Union County Joint Economic Development Partnership Director Eric Phillips says the creation of enterprise zones is helping bolster development in the county.

Union County Joint Economic Development Partnership Director Eric Phillips says the creation of enterprise zones is helping bolster development in the county.

Enterprise zones, as defined by the Ohio Department of Development, are designated areas of land in which businesses can receive tax incentives in the form of tax exemptions on eligible new investments. They also serve as an additional economic development tool for communities attempting to retain and expand their economic base.

"In the early 1990s, Union County created two enterprise zones in the Marysville and Richwood areas which allow real property tax abatements," Phillips said. "As part of the Enterprise Program, the legislation created the Union County Tax Incentive Review Council (TIRC), which oversees compliance with the program."

Each year, the TIRC reviews each of the enterprise zone tax abatements, which have been approved by the city of Marysville, village of Richwood and the Union County Board of Commissioners.

The TIRC -- comprised of local government officials from Union County, Marysville, Richwood, Marysville Exempted Village School District, North Union Local School District and Fairbanks Local School District -- conducts a thorough analysis of each of the enterprise zone agreements and determines if the company receiving the abatement has satisfied job creation, job retention and investment levels outlined in the original agreements. After its review, the TIRC makes recommendations to each of the approving entities on whether the approved tax abatements should continue, be modified, or be terminated.

"There have been 16 enterprise zone tax abatements approved in Union County, only five of which are currently active," Phillips said.

He said those abatements have created 338 jobs, retained another 608 jobs and generated $36,813,865 in created and retained payroll. They have also led to $72,371,449 in real property investment (new facilities and expansions), $99,073,390 in personal property investment (machinery, equipment, furniture, and inventory) and $171,444,839 in total property investment.

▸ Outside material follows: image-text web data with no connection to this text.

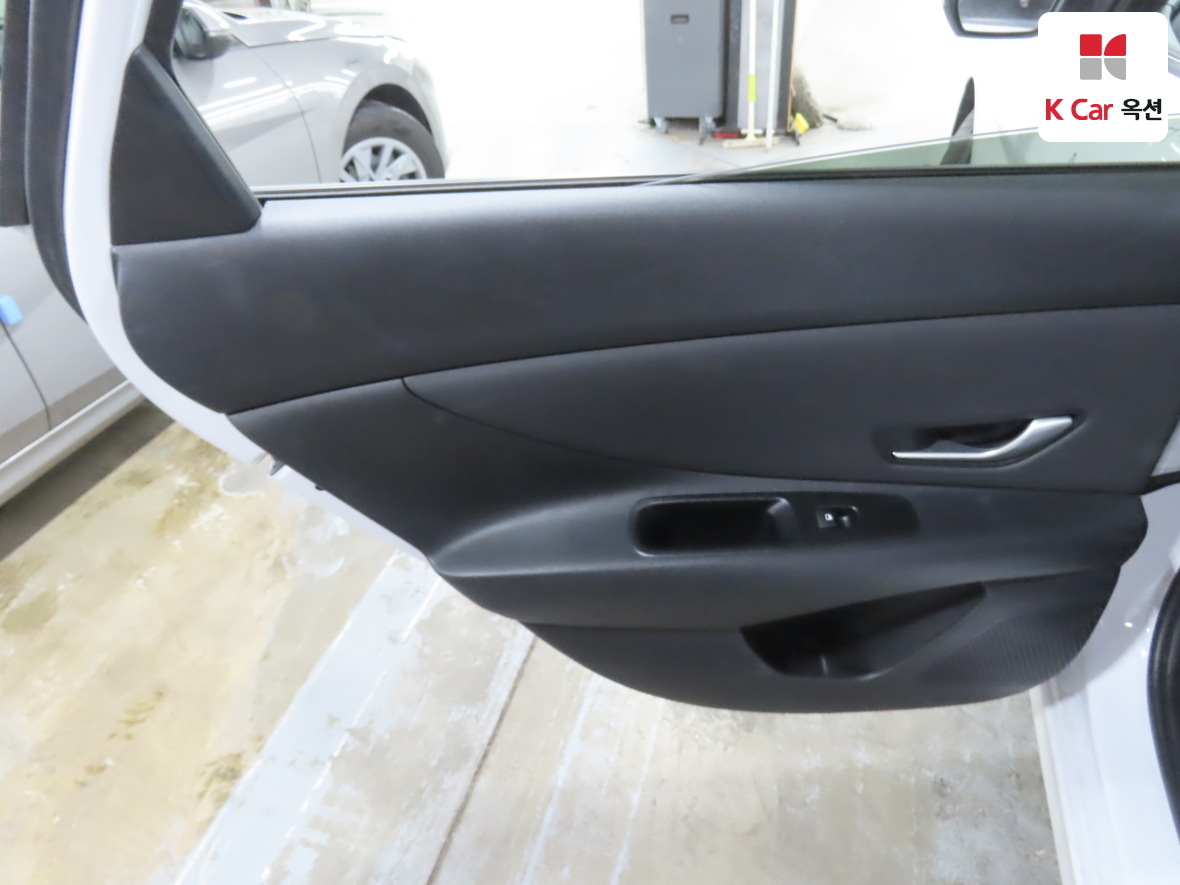 Hyundai Elantra 2023 - Image 21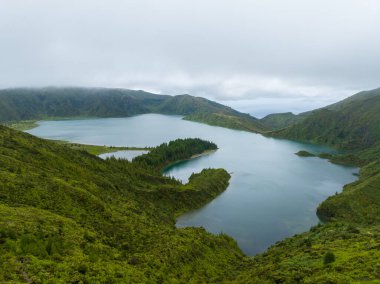 Sao Miguel Adası, Azores, Portekiz 'deki Lagoa do Fogo Gölü' nün güzel panoramik manzarası..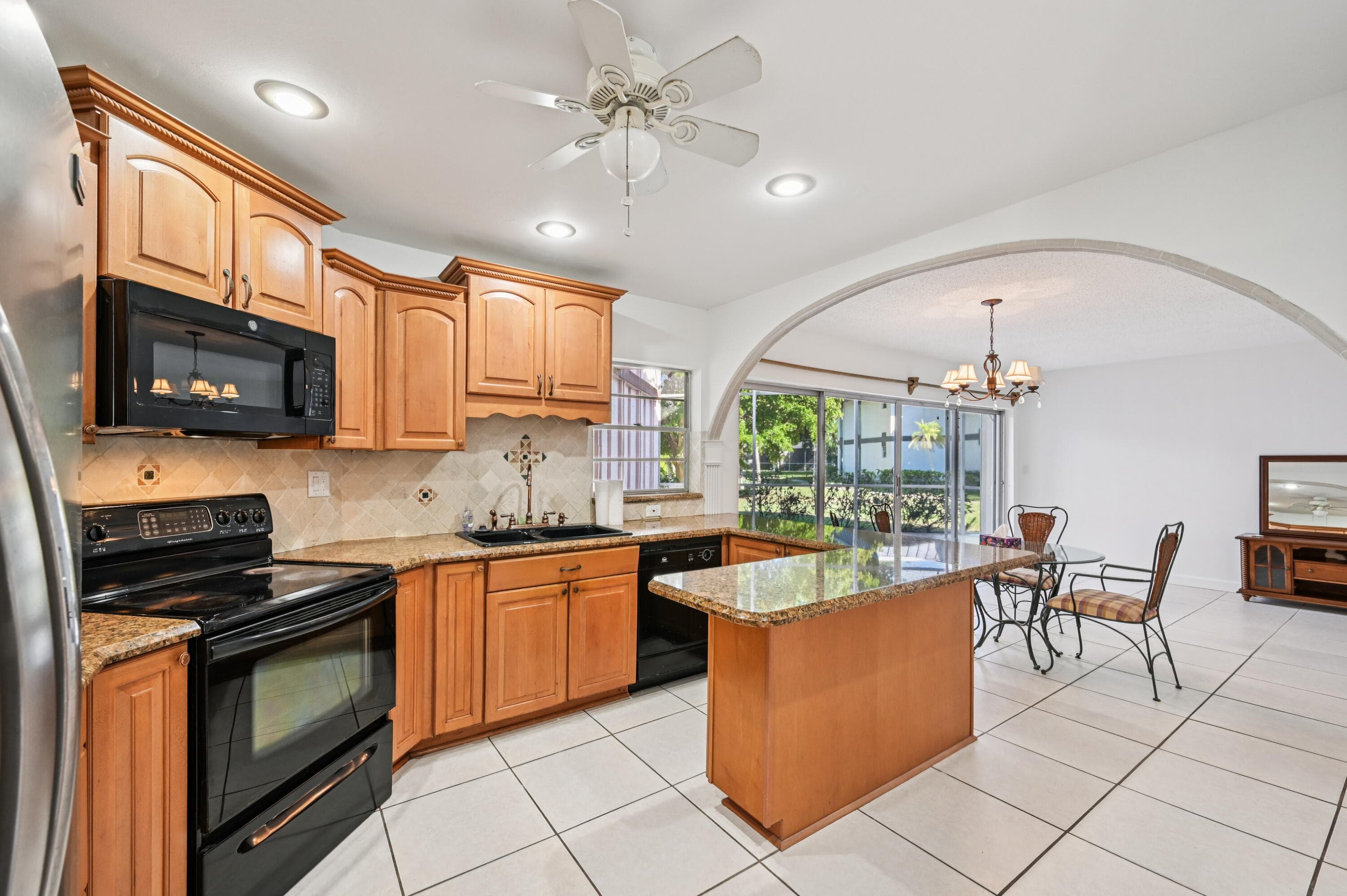 7 N Greenway Village N 111, Royal Palm Beach, FL 33411 — photo 1 of 23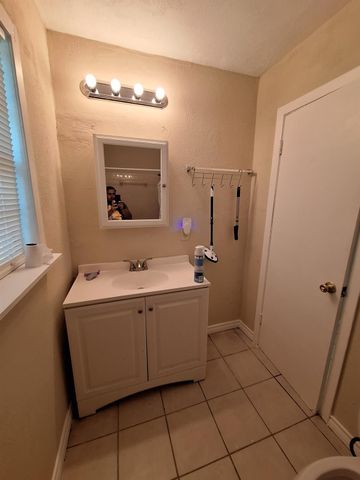 7214 Boggess Road, Houston, TX 77016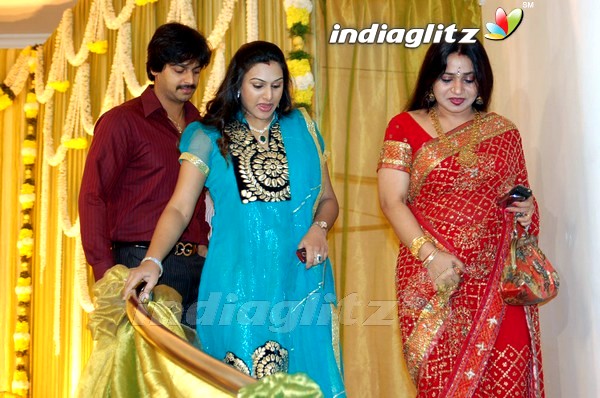 Vyjayanthimala's Son Reception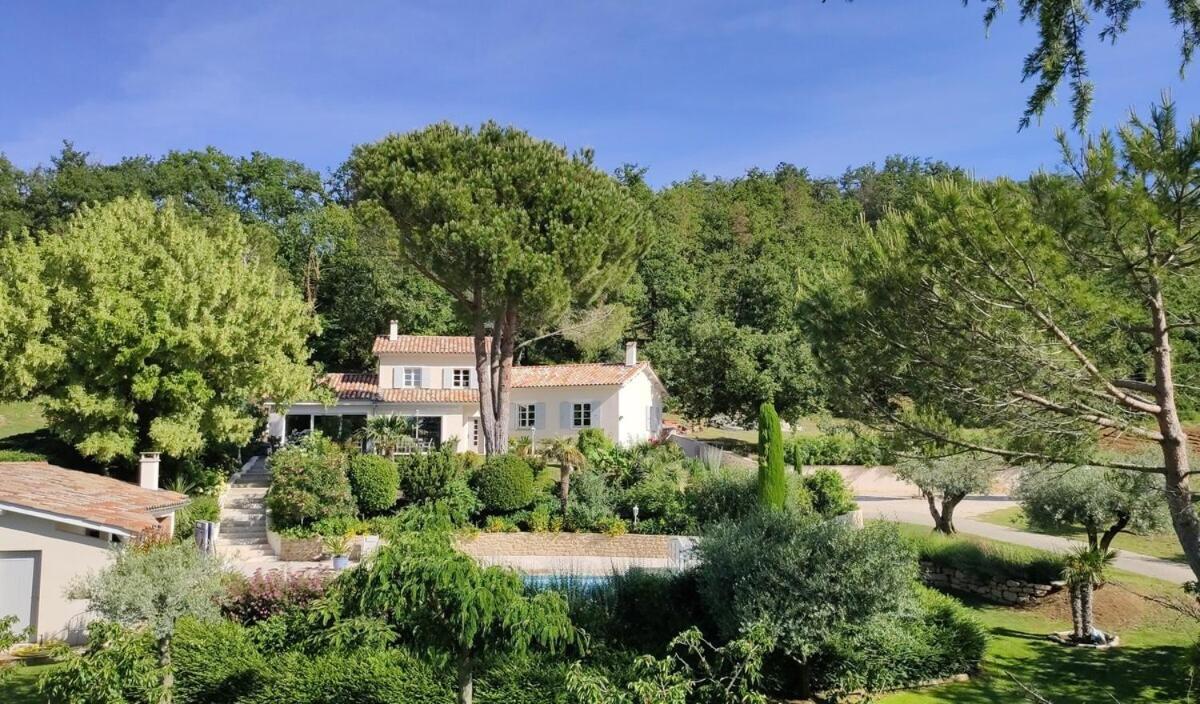 La Villa Moursoise 4 Etoiles Exterior foto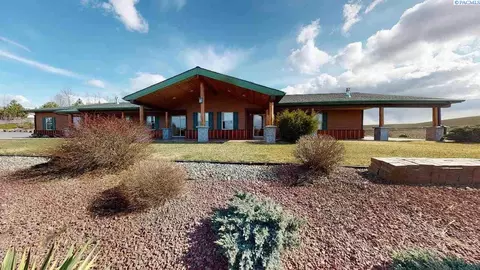 13 Carriage Hill Ct, Pullman, WA 99163 photo 1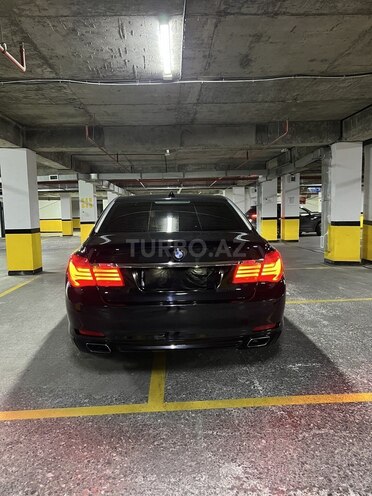 BMW 750 2009, 270,999 km - 4.4 l - Bakı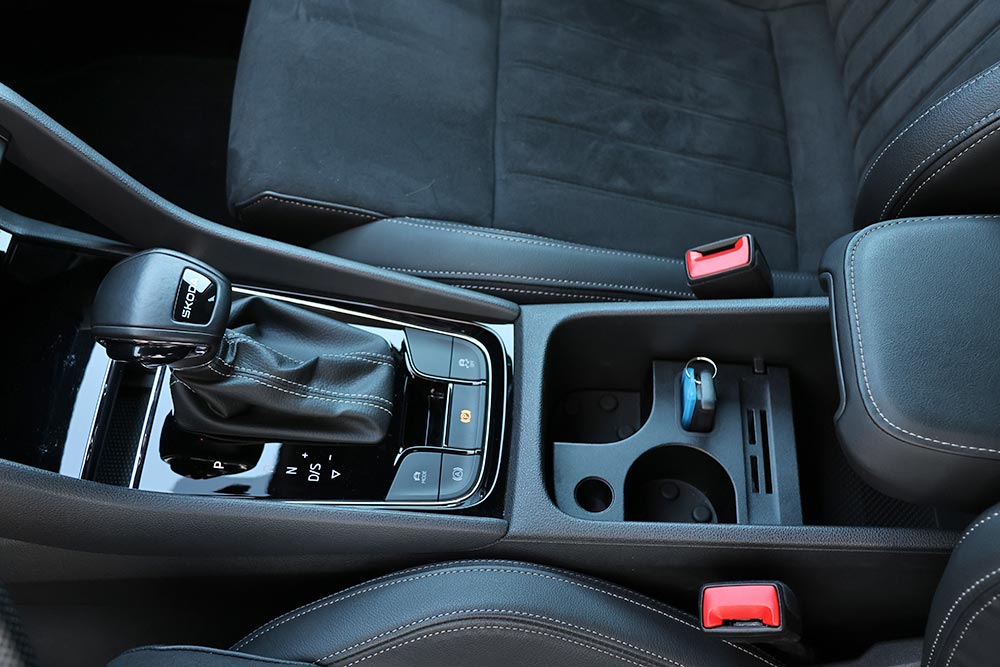 https://autogreeknews.gr/wp-content/uploads/2026/05/Skoda-Karoq-1.5-TSI-Sportline-interior-17.jpg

"Collectively, the companies which have received enterprise zone agreements have exceeded many of their pledged amounts in the original agreements," Phillips said. "The results include:

99 more jobs created (additional 41 percent) than originally pledged

More than $12,000,000 more in payroll (additional 45 percent) than originally pledged

Nearly $42,000,000 more in total property investment (additional 32 percent) than originally pledged

"From these observations, it is clear that the Union County Enterprise Zone Program has been successful," Phillips said. "Without these incentives, it is likely that Union County and its respective communities would not have experienced the majority of these business expansions."

Phillips noted Union County is now thinking globally instead of just regionally.

"Union County no longer competes just with other central Ohio communities, but with communities around the globe," he said. "When appropriate and prudent, it is imperative that we use incentives to remain competitive with other communities and to foster partnerships with our companies. By encouraging job and investment growth through the enterprise zone program, we maintain and promote a vibrant economy."